# Man Posts A Video of Showing Autopilot Horror



## electrico (May 18, 2017)

Tesla's Autopilot issue is truly horrifying when you are in the midst of expecting the vehicle to stop. Watch this full minute video to the end, writes Bryan Ehrlich, a Model S owner in Tesla Model S Owners Club on Facebook.

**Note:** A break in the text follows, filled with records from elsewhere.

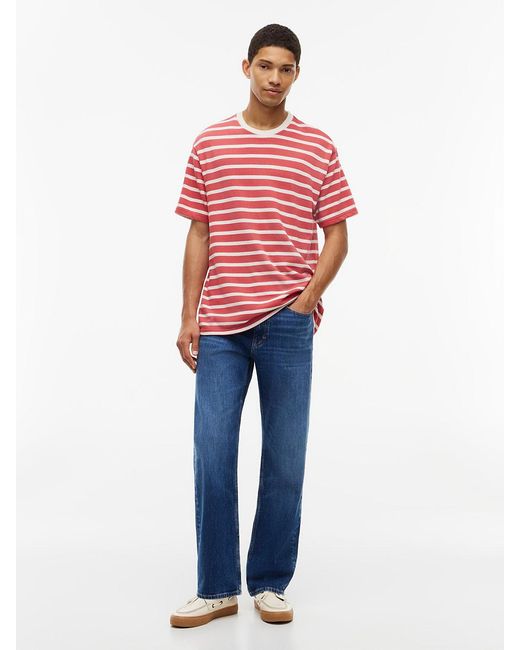 Tommy Hilfiger White Logo Label Stripe Relaxed Jersey T-Shirt for men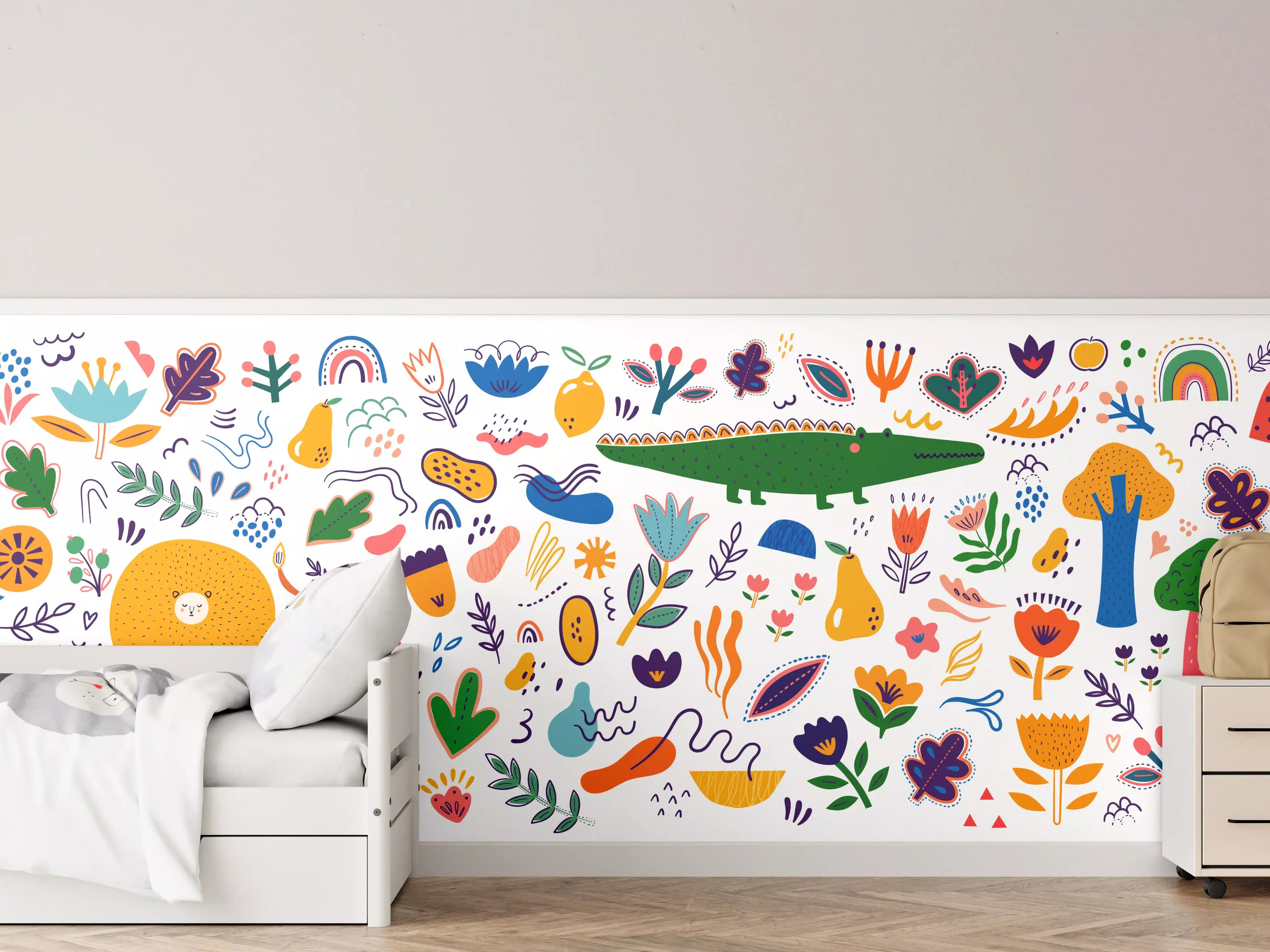 Kinderzimmer Wandgestaltung - Fröhliche bunte Blumen- und Tiermotive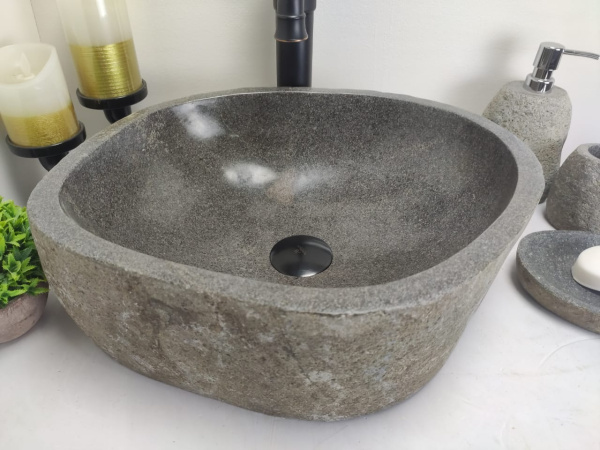 Накладная раковина из речного камня RSM0725 (43*36*15) фото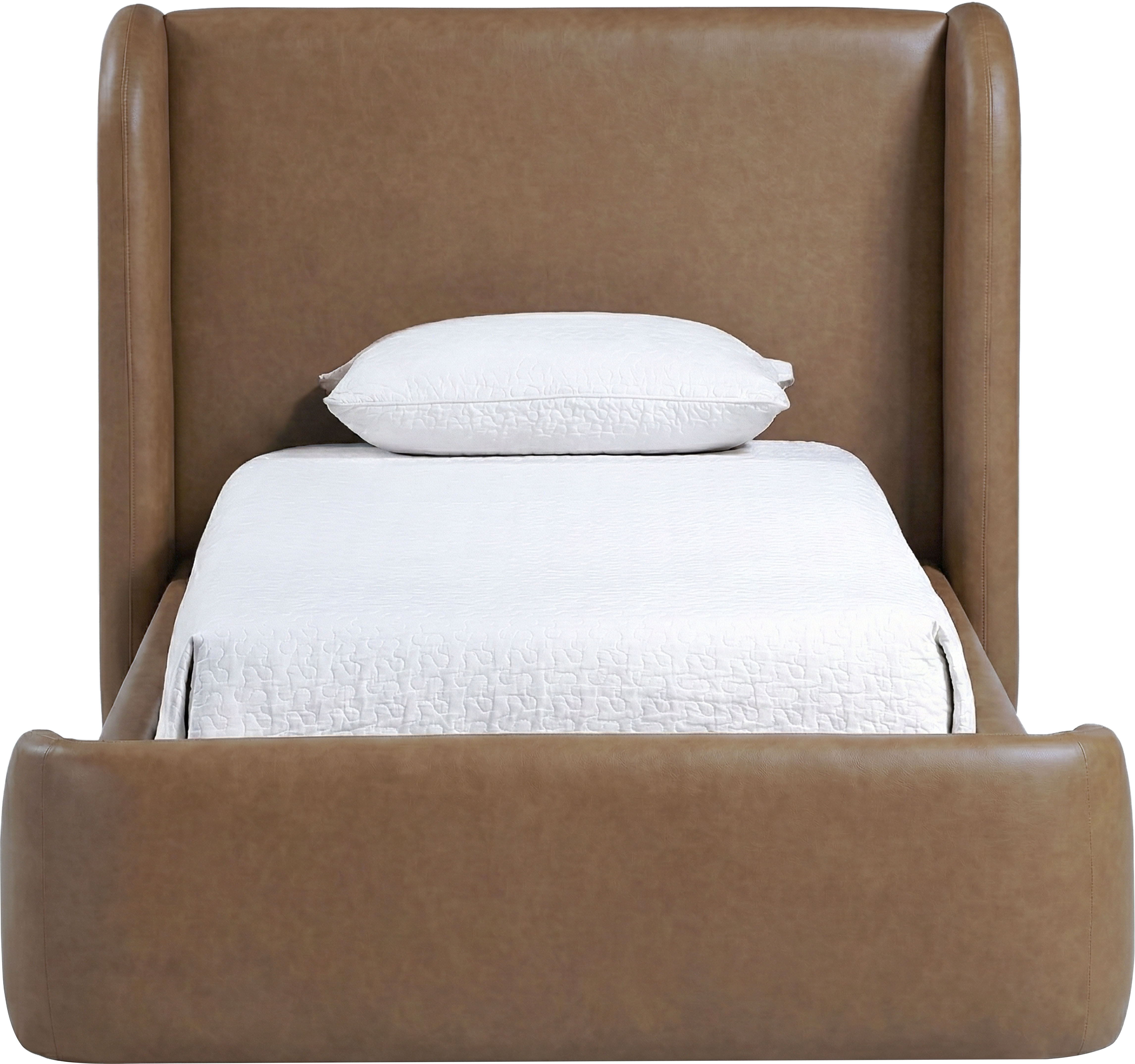 Warby - Vegan Leather Upholstered Twin Bed - Brown
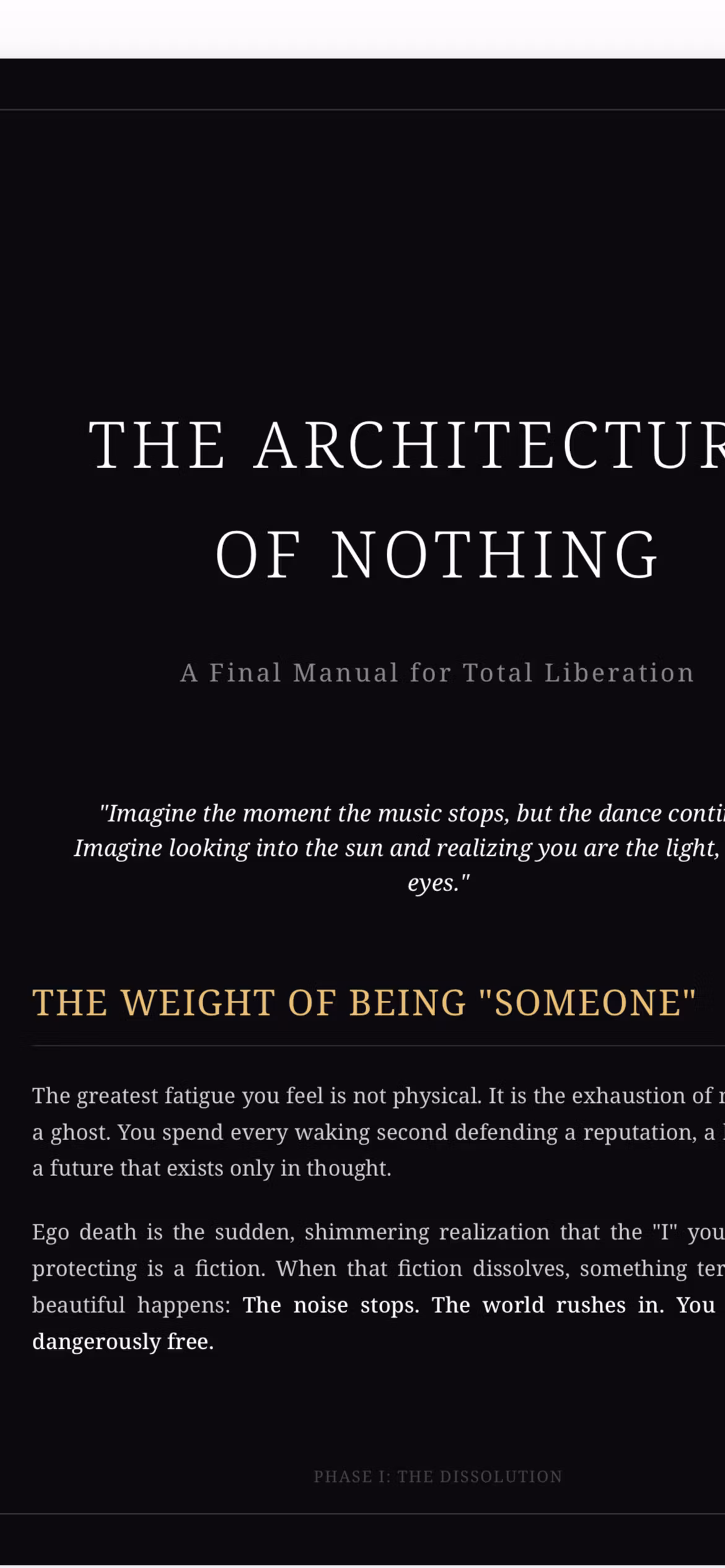 Ego Death and freedom of emotional suffering. 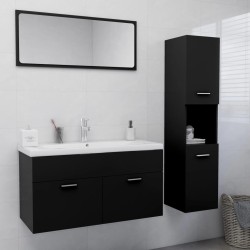 vidaXL Juego de muebles de baño madera de ingeniería negro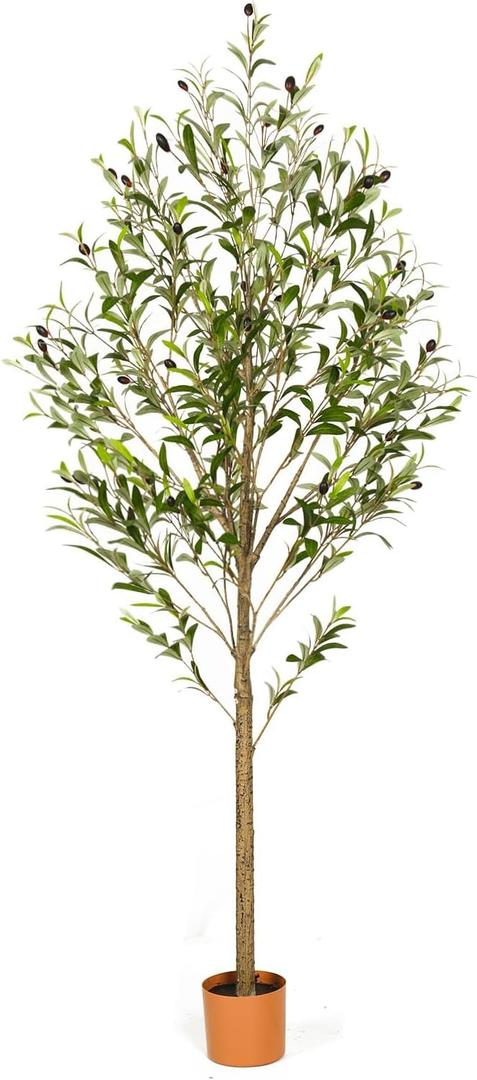 6FT Artificial Olive Tree Indoor Tall Realistic Faux Olive Tree with Plastic Planter, Fake Silk Tree with Handcrafted Branches & Fruits, Large Fake Plant for Home and Office Decor (6FT)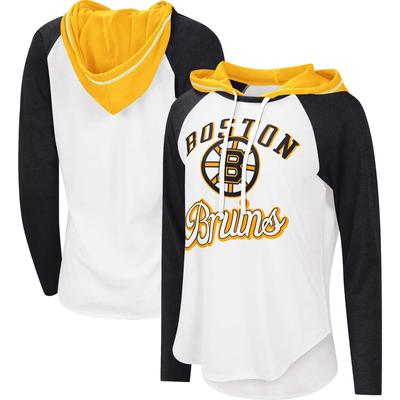 G-III Sports by Carl Banks Weiß/Schwarz Heather Boston Bruins MVP Raglan Leichtes T-Shirt mit Kapuze für Damen Image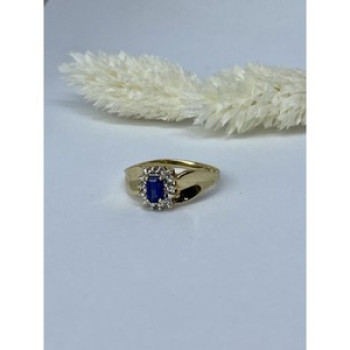 10K Yellow Gold Sapphire & Diamonds Ring Size 6.5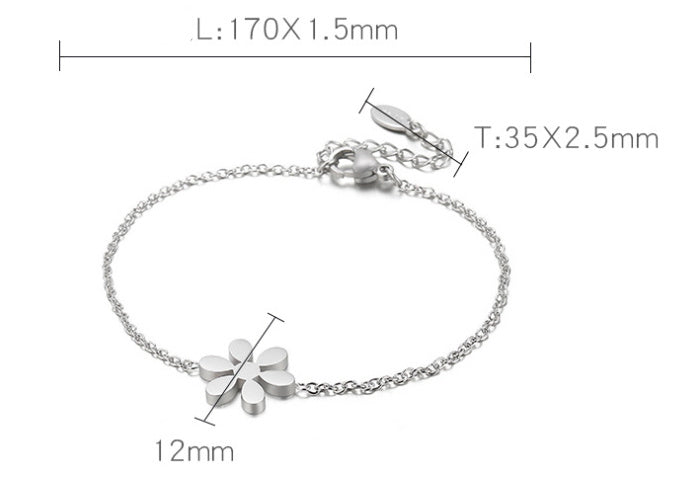 Womens Titanium Steel Flower Pattern Bracelet Elegant Floral Design Stainless Jewelry Gift Gold Finish Jewelry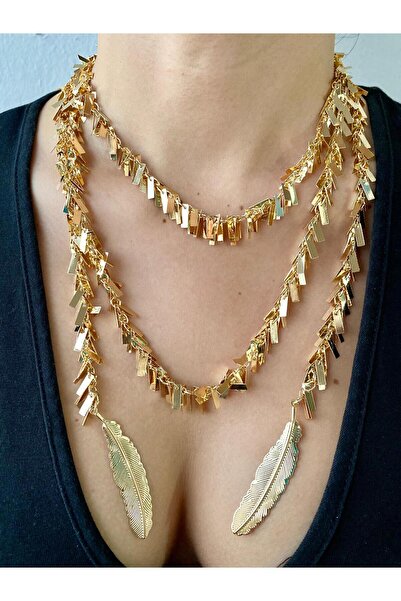 milayk Dolamalı Püsküllü Gold Kolye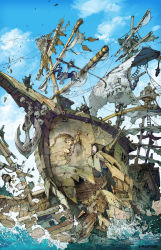 Rule 34 | 1girl, arrow (projectile), artist name, barrel, bird, book, bow (weapon), bread, cannon, crow, demizu posuka, fishing line, fishing rod, food, highres, loaf of bread, mast, muted color, net, original, paper, sails, ship, skull, splashing, water, watercraft, weapon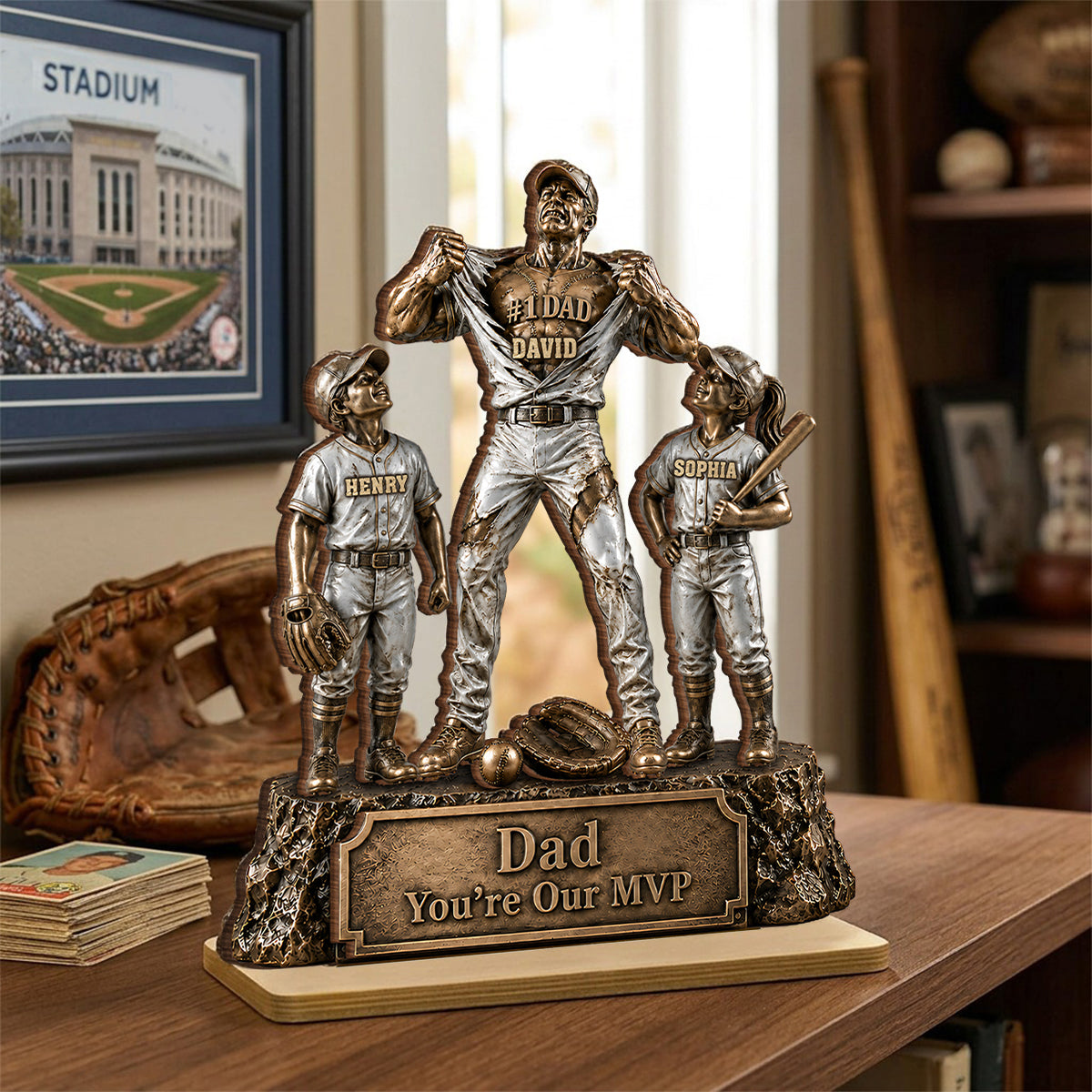 No 1 Dad Baseball Victory Trophy - Personalized 2-Layered Wooden Plaque - Gift for Dad, Husband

https://www.torquenews.com/1/tesla-autopilot-stop-please-its-not-stopping-its-not-stopping

Youtube https://www.youtube.com/watch?v=OZ0LWUfOcqo


----------



## brian_ (Feb 7, 2017)

electrico said:


> Tesla's Autopilot issue is truly horrifying when you are in the midst of expecting the vehicle to stop. Watch this full minute video to the end, writes Bryan Ehrlich, a Model S owner in Tesla Model S Owners Club on Facebook.
> 
> https://www.torquenews.com/1/tesla-autopilot-stop-please-its-not-stopping-its-not-stopping
> 
> Youtube https://www.youtube.com/watch?v=OZ0LWUfOcqo


From the article:


> When I am driving in the city or local town (road driving, rather than highway driving) if I engage autopilot without any vehicles in front of my vehicle (so that the AP doesn't provide the image of a vehicle in front of my vehicle), AP does not stop the vehicle when it approaches another vehicle that is stopped at an intersection or in the road. This happens with regular occurrence, and I have had to slam on my brakes to bring my vehicle to a sudden and screeching halt to avoid colliding with the vehicle in front.


Translation:
"When I use this feature in entirely inappropriate circumstances and entirely in contravention of the instructions, this feature only does what it is designed to do, not what I want. Although I have seen that this does not work, I repeatedly operate the vehicle in an irresponsible and reckless manner."​
What an idiot. Bryan Ehrlich should put the phone down, take the vision-obscuring toys out the window, read the manual, and not drive again until he is willing to do so safely.

The issue with Autopilot is that many drivers - of Teslas and every other brand - are apparently too stupid to be trusted with operation of a motor vehicle.


----------



## electrico (May 18, 2017)

Tesla owners just need to carefully study the Autopilot and its limitations.


----------